Closed nschneid closed 12 months ago
I can make these cases consistent, but it looks like we both agree the correct deprel is advmod
, which leads to the question of why tag them as ADJ
and not ADV
? If something is "third biggest", then that describes in "in what way is it big" or "how big is it?", which for me means it's an adverb (interrogable by "how", so manner or extent in this case).
Can we move to amend this guideline? I'm happy to make them all ADV + advmod.
It's a case of productive extension—any ordinal number can be used in this construction; does that make it zero-derivation of ADV? I don't necessarily have a strong opinion but before changing the guideline we would need to hear why it was written that way.
Oh also this construction doesn't just modify adjectives:
So this would be amod(apples, third)?
Ever since the UD validator has put such an emphasis on equating advmod with ADV, it's been my understanding that adverbially used (morphological) adjectives should also be tagged ADV. This seems especially straightforward for English, since many morphologically unmarked items are regularly ADVs ("do something quick/ADV"), so I don't see the motivation for ADJ here in particular (it's not like we don't assume zero derivation for things like doing something quick, nice, fast etc.)

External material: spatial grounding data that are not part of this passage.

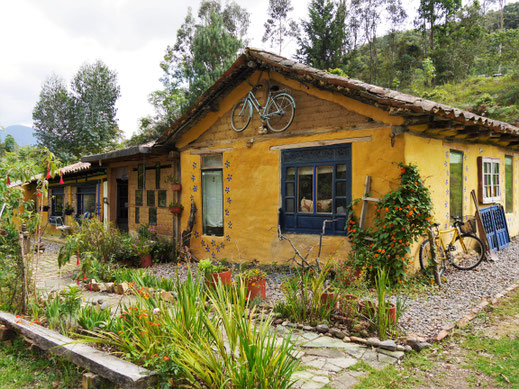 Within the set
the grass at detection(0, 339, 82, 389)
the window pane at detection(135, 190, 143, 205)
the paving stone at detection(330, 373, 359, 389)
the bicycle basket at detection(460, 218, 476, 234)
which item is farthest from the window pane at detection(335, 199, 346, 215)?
the window pane at detection(135, 190, 143, 205)

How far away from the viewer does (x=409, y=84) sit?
25891mm

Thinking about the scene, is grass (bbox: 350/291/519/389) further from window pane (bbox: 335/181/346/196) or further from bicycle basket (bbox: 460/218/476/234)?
bicycle basket (bbox: 460/218/476/234)

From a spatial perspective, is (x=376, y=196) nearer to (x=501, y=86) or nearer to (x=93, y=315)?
(x=93, y=315)

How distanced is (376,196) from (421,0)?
29.2 m

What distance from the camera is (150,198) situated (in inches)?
424

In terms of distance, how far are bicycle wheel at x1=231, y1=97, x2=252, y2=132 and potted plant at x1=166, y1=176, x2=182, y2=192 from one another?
7.40 feet

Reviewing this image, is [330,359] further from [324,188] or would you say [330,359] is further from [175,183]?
→ [175,183]

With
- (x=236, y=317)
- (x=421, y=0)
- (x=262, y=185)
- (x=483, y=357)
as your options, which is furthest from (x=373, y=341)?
(x=421, y=0)

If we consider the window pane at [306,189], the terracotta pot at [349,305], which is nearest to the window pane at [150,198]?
the window pane at [306,189]

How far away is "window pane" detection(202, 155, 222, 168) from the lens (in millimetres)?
8883

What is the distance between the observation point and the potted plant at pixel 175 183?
9.49 m

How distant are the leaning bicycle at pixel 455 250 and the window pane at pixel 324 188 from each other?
1807mm

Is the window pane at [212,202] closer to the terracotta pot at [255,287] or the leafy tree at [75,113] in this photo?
the terracotta pot at [255,287]

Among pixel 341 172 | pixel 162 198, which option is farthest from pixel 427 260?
pixel 162 198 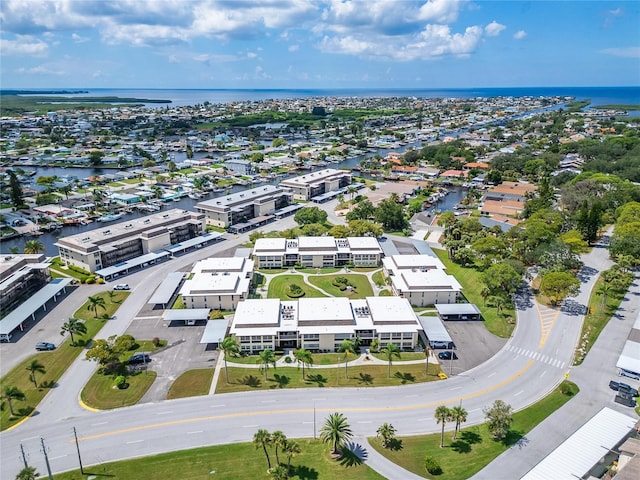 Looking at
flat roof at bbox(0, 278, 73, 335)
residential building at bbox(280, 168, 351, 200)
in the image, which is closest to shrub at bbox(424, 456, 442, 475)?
flat roof at bbox(0, 278, 73, 335)

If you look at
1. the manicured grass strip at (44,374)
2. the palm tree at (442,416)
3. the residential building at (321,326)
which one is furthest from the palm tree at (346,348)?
the manicured grass strip at (44,374)

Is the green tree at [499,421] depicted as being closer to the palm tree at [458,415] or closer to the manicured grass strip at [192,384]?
the palm tree at [458,415]

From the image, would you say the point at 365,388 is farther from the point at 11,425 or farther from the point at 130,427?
the point at 11,425

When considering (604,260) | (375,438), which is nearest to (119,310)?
(375,438)

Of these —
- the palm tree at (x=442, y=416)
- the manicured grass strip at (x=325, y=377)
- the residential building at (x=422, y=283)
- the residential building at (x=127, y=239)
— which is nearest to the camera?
the palm tree at (x=442, y=416)

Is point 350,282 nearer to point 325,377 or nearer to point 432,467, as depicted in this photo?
point 325,377

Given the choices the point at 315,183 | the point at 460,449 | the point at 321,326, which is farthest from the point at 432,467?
the point at 315,183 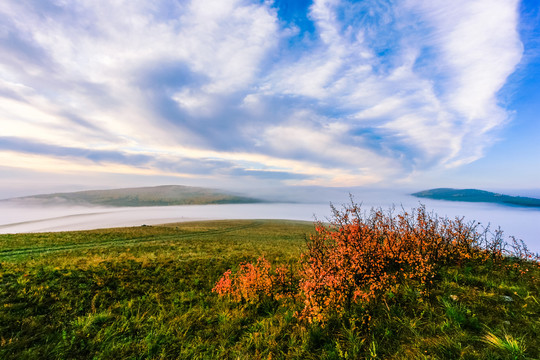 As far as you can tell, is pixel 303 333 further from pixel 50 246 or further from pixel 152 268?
pixel 50 246

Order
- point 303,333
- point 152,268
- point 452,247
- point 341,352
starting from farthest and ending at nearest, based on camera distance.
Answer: point 152,268
point 452,247
point 303,333
point 341,352

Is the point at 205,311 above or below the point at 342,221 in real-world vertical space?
below

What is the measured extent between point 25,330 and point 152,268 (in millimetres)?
6232

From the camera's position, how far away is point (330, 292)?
7.54 m

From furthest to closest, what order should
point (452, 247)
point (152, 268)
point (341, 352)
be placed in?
point (152, 268)
point (452, 247)
point (341, 352)

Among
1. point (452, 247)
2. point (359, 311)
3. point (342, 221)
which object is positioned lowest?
point (359, 311)

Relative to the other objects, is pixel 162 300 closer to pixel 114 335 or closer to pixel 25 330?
pixel 114 335

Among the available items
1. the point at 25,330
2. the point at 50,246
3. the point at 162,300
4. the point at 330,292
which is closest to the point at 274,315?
the point at 330,292

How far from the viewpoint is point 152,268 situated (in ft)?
43.3

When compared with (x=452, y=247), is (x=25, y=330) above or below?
below

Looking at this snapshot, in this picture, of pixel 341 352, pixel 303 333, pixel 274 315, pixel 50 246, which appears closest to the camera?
pixel 341 352

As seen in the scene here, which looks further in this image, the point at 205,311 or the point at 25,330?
the point at 205,311

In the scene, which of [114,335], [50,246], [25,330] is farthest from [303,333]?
[50,246]

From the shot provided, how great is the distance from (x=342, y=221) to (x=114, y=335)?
8741mm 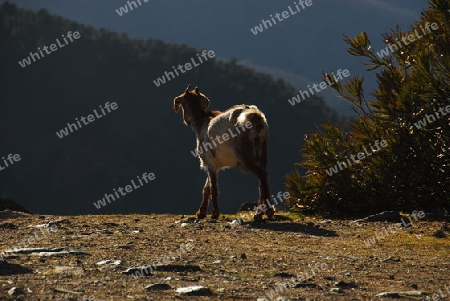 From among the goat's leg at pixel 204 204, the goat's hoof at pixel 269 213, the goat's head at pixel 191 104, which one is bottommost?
the goat's hoof at pixel 269 213

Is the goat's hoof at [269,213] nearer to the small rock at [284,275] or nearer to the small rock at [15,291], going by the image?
the small rock at [284,275]

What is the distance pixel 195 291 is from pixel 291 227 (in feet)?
19.0

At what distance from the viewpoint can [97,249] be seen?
8.92 m

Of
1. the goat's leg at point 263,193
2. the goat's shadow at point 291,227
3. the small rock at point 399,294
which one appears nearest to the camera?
the small rock at point 399,294

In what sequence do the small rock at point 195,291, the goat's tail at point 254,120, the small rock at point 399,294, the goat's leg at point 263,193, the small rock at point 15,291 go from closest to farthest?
the small rock at point 15,291, the small rock at point 195,291, the small rock at point 399,294, the goat's tail at point 254,120, the goat's leg at point 263,193

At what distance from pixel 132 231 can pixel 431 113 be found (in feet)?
20.3

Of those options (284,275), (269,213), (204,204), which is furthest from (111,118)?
(284,275)

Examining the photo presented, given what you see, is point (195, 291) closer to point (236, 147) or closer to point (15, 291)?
point (15, 291)

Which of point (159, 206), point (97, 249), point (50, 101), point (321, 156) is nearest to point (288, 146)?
point (159, 206)

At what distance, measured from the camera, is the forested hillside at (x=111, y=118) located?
9044cm

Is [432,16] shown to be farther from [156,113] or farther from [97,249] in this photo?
[156,113]

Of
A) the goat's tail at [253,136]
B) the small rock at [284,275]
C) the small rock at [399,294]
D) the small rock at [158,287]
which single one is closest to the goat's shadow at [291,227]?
the goat's tail at [253,136]

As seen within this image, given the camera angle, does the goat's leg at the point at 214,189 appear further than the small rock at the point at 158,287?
Yes

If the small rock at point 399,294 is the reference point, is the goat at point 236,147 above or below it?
above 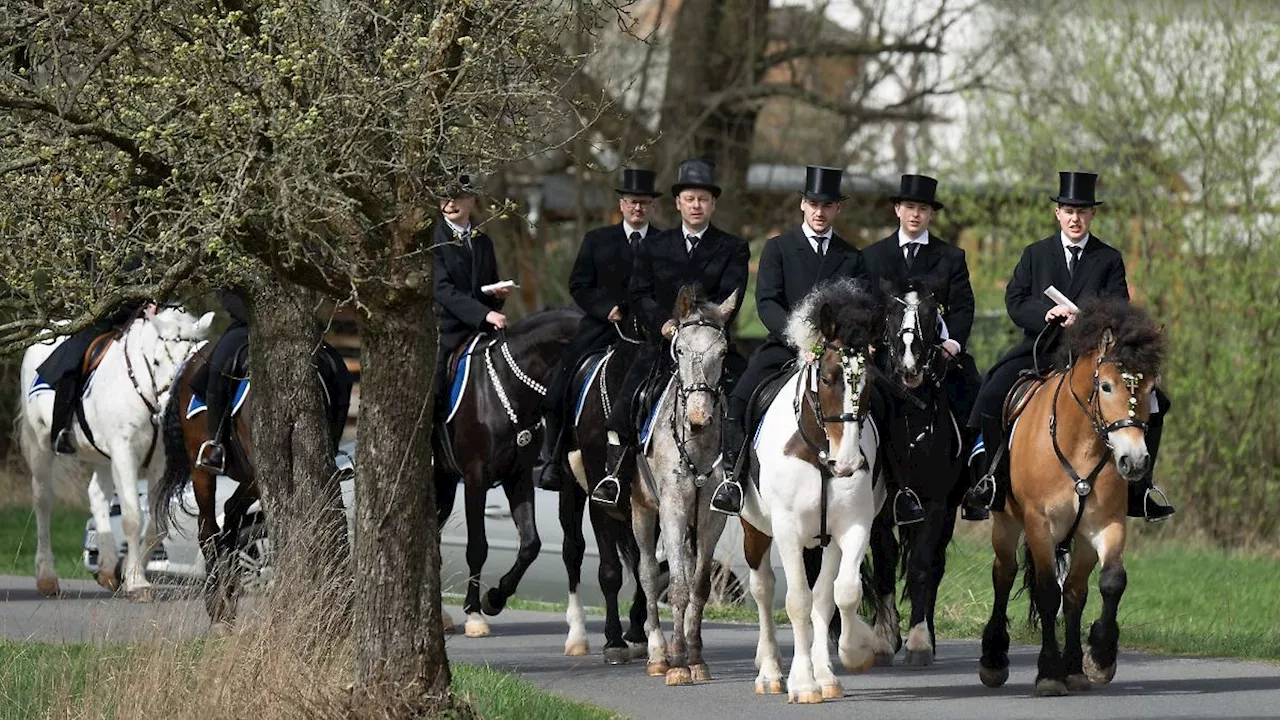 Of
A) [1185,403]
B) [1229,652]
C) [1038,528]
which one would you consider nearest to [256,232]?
[1038,528]

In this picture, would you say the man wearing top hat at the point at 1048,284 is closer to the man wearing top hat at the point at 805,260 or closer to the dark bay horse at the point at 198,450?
the man wearing top hat at the point at 805,260

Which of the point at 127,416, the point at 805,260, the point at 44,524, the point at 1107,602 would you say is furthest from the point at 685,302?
the point at 44,524

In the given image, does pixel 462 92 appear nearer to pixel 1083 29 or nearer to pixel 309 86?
pixel 309 86

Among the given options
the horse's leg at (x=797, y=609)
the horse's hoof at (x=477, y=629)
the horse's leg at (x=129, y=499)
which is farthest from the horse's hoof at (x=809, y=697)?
the horse's leg at (x=129, y=499)

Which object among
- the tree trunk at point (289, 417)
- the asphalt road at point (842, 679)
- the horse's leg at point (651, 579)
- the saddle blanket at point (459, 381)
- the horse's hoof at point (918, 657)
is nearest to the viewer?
the asphalt road at point (842, 679)

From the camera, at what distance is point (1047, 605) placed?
38.0 feet

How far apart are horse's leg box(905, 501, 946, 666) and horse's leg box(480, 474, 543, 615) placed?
278cm

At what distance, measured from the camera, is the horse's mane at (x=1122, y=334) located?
437 inches

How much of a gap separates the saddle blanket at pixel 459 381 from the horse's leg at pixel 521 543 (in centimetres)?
69

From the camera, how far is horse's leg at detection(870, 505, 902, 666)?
12992 millimetres

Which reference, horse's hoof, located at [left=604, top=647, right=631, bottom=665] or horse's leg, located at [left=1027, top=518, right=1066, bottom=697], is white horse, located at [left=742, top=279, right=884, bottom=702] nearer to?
horse's leg, located at [left=1027, top=518, right=1066, bottom=697]

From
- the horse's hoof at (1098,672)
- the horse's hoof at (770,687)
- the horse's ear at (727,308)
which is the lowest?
the horse's hoof at (770,687)

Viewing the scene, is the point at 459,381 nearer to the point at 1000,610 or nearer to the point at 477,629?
the point at 477,629

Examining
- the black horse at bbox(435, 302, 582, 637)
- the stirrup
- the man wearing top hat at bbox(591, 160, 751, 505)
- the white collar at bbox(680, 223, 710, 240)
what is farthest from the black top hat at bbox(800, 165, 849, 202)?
the stirrup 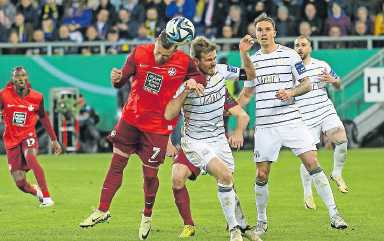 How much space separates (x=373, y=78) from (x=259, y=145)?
53.6 feet

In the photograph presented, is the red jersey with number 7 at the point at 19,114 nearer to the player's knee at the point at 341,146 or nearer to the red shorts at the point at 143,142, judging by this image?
the player's knee at the point at 341,146

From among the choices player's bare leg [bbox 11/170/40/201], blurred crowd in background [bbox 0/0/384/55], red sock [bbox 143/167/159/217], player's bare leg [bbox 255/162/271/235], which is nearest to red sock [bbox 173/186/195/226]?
red sock [bbox 143/167/159/217]

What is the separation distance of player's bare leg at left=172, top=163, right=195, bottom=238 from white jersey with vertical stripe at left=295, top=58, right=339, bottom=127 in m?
4.51

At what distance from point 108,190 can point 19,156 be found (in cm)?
545

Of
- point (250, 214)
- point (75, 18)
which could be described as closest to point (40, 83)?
point (75, 18)

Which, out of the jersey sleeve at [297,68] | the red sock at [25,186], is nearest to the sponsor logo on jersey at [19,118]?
the red sock at [25,186]

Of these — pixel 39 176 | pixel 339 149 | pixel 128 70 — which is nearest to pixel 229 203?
pixel 128 70

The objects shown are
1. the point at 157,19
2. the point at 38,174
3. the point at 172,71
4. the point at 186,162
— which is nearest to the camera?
the point at 172,71

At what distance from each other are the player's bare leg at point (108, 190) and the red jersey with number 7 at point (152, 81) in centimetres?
43

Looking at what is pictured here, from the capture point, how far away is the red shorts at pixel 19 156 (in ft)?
62.7

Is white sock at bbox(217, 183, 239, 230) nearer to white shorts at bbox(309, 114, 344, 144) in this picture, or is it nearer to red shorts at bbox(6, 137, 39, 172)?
white shorts at bbox(309, 114, 344, 144)

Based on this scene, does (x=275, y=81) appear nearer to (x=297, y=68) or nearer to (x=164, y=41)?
(x=297, y=68)

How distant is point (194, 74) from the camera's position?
44.9ft

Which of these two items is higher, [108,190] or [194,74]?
[194,74] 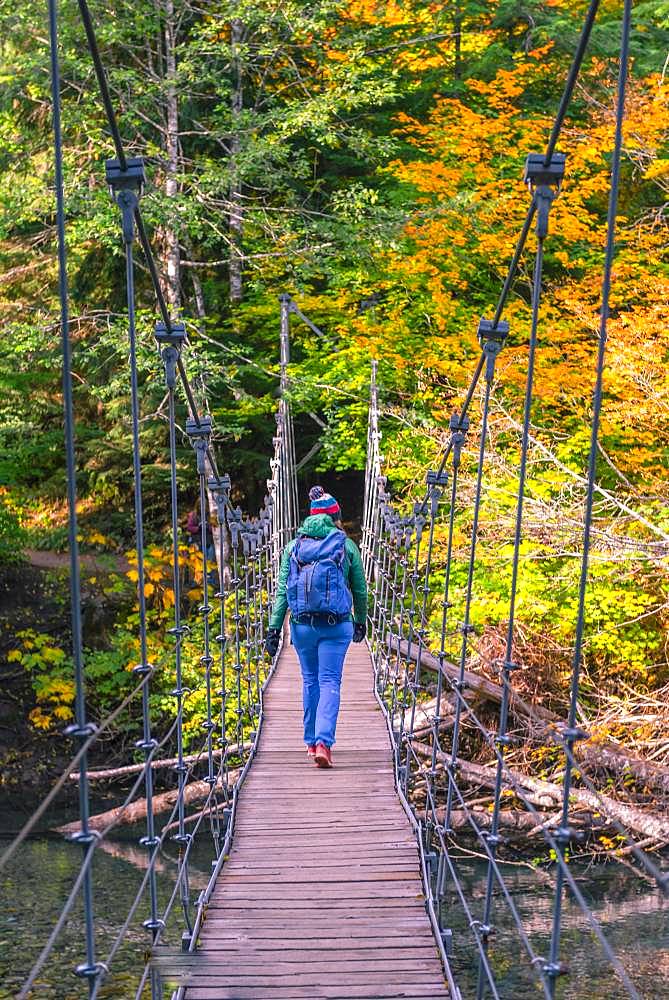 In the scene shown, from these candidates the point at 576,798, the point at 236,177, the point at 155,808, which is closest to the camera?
the point at 576,798

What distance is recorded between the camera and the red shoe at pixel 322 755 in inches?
146

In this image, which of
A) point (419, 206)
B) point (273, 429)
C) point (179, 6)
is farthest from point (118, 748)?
point (179, 6)

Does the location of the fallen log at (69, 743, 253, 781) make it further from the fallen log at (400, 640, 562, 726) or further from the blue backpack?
the blue backpack

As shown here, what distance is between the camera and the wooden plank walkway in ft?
7.22

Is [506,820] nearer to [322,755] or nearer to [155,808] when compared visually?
[155,808]

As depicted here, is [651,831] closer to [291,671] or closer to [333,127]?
[291,671]

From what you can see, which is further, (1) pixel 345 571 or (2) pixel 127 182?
(1) pixel 345 571

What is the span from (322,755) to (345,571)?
62 cm

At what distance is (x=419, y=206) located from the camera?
28.3ft

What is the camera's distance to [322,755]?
146 inches

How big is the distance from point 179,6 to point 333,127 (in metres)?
1.46

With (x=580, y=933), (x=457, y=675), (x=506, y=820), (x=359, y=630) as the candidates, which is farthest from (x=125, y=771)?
(x=359, y=630)

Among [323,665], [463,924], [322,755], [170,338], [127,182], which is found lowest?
[463,924]

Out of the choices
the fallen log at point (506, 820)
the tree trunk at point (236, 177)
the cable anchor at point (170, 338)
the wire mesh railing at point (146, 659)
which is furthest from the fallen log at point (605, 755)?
the tree trunk at point (236, 177) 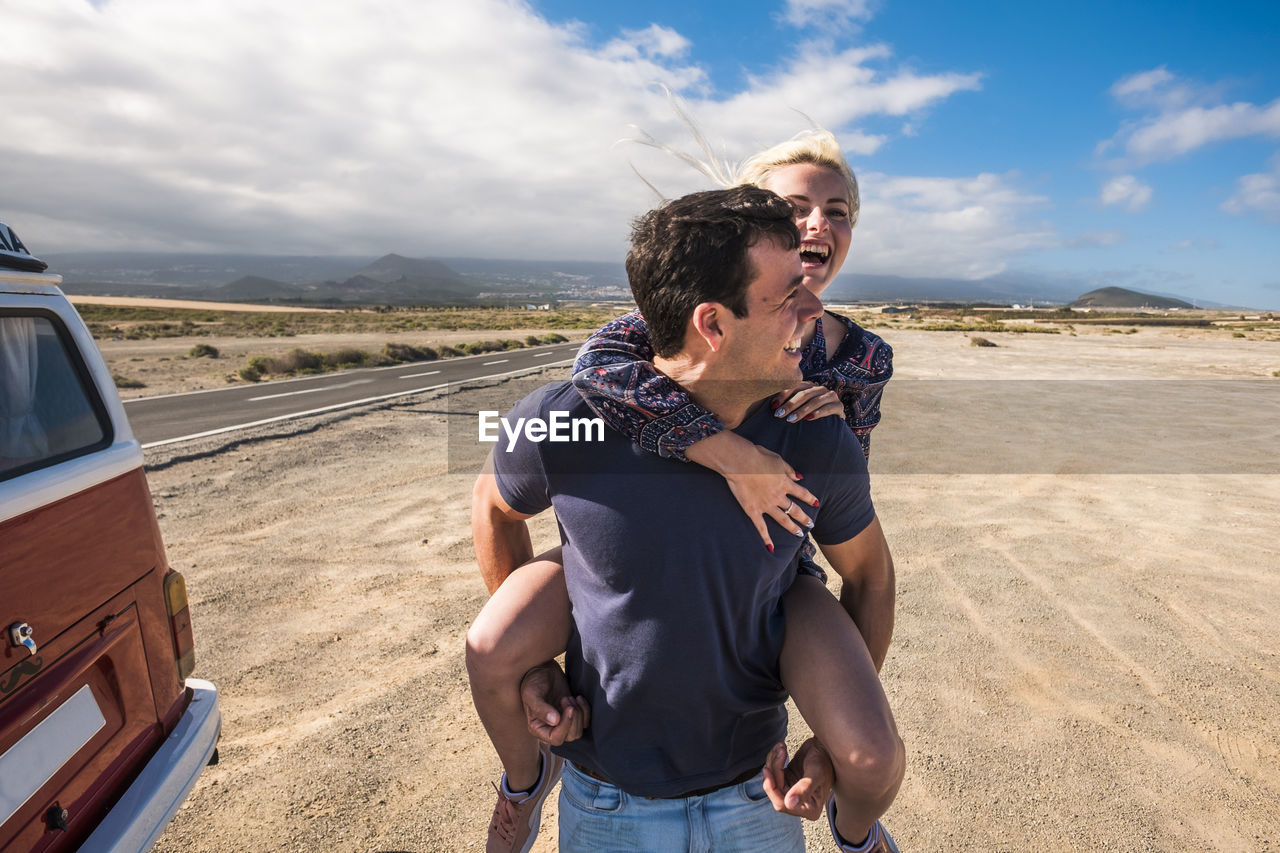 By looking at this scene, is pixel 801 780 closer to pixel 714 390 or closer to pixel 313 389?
pixel 714 390

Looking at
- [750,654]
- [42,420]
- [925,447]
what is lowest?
[925,447]

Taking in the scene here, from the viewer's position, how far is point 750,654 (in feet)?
5.23

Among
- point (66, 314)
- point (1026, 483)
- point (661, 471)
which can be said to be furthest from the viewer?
point (1026, 483)

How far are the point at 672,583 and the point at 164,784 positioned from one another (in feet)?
6.39

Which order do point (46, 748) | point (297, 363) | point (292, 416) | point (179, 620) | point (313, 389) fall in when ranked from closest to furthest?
1. point (46, 748)
2. point (179, 620)
3. point (292, 416)
4. point (313, 389)
5. point (297, 363)

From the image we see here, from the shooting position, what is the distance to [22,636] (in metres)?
1.72

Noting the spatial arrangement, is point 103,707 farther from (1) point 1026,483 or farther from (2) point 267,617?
(1) point 1026,483

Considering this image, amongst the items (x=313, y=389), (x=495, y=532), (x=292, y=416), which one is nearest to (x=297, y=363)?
(x=313, y=389)

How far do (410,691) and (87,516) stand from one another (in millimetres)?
1900

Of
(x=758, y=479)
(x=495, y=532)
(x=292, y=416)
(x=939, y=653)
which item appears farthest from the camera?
(x=292, y=416)

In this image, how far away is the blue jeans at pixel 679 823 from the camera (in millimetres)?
1596

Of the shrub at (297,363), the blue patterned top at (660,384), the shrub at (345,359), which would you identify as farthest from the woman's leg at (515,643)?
the shrub at (345,359)

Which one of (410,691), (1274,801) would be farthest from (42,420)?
(1274,801)

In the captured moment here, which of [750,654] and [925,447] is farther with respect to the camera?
[925,447] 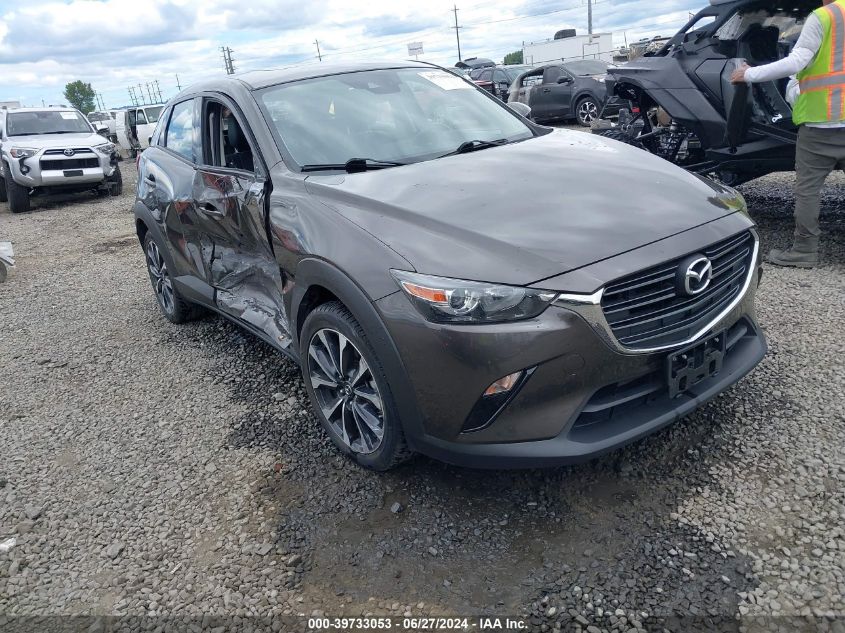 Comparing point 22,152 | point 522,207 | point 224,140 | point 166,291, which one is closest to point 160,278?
point 166,291

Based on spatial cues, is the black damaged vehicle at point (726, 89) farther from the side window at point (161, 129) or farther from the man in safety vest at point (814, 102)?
the side window at point (161, 129)

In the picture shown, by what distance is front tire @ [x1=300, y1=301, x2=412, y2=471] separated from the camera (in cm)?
258

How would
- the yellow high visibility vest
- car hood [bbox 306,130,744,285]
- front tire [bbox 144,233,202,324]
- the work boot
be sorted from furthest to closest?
front tire [bbox 144,233,202,324] < the work boot < the yellow high visibility vest < car hood [bbox 306,130,744,285]

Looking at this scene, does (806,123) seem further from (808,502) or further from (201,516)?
(201,516)

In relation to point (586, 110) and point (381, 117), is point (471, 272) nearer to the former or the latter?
point (381, 117)

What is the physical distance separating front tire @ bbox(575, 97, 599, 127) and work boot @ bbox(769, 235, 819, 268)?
11533mm

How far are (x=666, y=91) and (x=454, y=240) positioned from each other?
4.41 metres

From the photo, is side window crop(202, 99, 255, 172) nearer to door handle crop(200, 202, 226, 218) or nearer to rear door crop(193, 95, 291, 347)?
rear door crop(193, 95, 291, 347)

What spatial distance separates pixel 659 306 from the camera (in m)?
2.34

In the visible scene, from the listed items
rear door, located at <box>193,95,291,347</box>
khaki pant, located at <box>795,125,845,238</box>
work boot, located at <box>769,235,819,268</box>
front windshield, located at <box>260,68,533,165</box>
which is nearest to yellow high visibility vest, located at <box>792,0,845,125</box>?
khaki pant, located at <box>795,125,845,238</box>

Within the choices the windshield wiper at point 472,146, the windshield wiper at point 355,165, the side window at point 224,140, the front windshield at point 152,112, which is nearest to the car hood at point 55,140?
the front windshield at point 152,112

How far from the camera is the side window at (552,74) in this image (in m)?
16.6

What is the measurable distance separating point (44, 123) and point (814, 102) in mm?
14010

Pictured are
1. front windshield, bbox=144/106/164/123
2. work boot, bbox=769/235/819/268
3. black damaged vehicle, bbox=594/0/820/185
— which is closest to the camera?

For "third most apples" I would have done advmod(most, third). I think the amod reading off the noun would mean something like there being three "most apples" instances, of which Sam is the third. So something like "Sam has (won the) third (iteration of the) most apples (award)". If it limits the scope of it being "most" (not absolutely most but third most), then it should be a child of "most".
Either way I'm curious what @dan-zeman and others think about this.
The validator will not complain if it encounters an ADJ
attached as advmod
. The validator mainly wants to avoid NOUN
+advmod
(because nouns should be obl
instead), and VERB
+advmod
(because those should be advcl
instead).
If I understand correctly what the construction is supposed to mean, then I think that third should be attached to most and not to apples. Then advmod
is probably more expected than amod
, although I don't feel strongly about it. But I wouldn't change the tag of third from ADJ
to ADV
just because it occurs in such a construction.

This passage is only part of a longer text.